As you can see, XML is considerably more verbose than CSV, particularly when the data is tabular in nature. If we have more than one message in our data, then we have to come up with a higher-level root of the tree &mdash; we'll use  `<data>`. Then each row in the table has a corresponding `<message>` element. Third, we should be explicit about the fact that there are two distinct people to whom the messages are addressed. We'll represent this by having separate `<to>` elements for each of them. We've put this all into a file called `messages.xml` and the result of parsing this file (with the [lxml library](http://lxml.de/tutorial.html)) is shown below.

In [19]:
from lxml import etree
tree = etree.parse("../data/formats/messages.xml")
print(etree.tostring(top, pretty_print = True, encoding="unicode"))

<data>
  <message>
    <to>James</to>
    <to>Ewan</to>
    <from>Arno</from>
    <heading>Reminder</heading>
    <body>Cycling to Cramond today!</body>
    <date>13/10/2015</date>
  </message>
  <message>
    <to>Arno</to>
    <to>Ewan</to>
    <from>James</from>
    <heading>Re: Reminder</heading>
    <body>Let's walk instead</body>
    <date>14/10/2015</date>
  </message>
</data>



For more information, see this [W3C XML Tutorial](http://www.w3schools.com/xml/)

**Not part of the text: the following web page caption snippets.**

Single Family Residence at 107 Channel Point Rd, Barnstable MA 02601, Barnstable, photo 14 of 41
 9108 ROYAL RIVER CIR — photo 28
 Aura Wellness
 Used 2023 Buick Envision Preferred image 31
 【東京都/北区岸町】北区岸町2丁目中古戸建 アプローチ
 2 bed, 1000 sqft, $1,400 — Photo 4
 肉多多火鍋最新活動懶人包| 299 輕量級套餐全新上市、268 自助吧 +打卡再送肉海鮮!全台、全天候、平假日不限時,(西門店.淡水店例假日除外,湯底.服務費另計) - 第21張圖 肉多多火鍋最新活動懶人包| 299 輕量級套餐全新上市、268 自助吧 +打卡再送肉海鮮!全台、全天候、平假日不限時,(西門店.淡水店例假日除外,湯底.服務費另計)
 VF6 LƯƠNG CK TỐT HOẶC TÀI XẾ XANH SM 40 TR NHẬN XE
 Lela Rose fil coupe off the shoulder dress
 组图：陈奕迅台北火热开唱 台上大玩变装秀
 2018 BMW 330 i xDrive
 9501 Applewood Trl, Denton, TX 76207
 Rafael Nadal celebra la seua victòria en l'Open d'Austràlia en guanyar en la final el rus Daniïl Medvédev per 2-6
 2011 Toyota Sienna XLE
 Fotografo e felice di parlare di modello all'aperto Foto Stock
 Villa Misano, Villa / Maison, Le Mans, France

## <a name="json">JSON</a>

JSON ([JavaScript Object Notation](http://json.org)) is intended as format for transferring data that is easier for humans to write and read than XML. Unlike CSV and XML, JSON let's us represent lists directly using `[` and `]`. For example, the list containing the two strings `'James'` and `'Ewan'` is `['James', 'Ewan']`. 



In [25]:
import json
fp = open("../data/formats/messages.json", "w")
json.dump([
        {'to': ['James', 'Ewan'],
        'from': 'Arno',
        'heading': 'Reminder',
        'body': 'Cycling to Cramond today!',
        'date': '13/10/2015'},
         {'to': ['Arno', 'Ewan'],
        'from': 'James',
        'heading': 'Re: Reminder',
        'body': 'Let\'s walk instead',
        'date': '14/10/2015'},
    ], fp)

In [26]:
fp = open("../data/formats/messages.json")
data = json.load(fp)
print(json.dumps(data, indent=2, sort_keys=True))

[
  {
    "body": "Cycling to Cramond today!",
    "date": "13/10/2015",
    "from": "Arno",
    "heading": "Reminder",
    "to": [
      "James",
      "Ewan"
    ]
  },
  {
    "body": "Let's walk instead",
    "date": "14/10/2015",
    "from": "James",
    "heading": "Re: Reminder",
    "to": [
      "Arno",
      "Ewan"
    ]
  }
]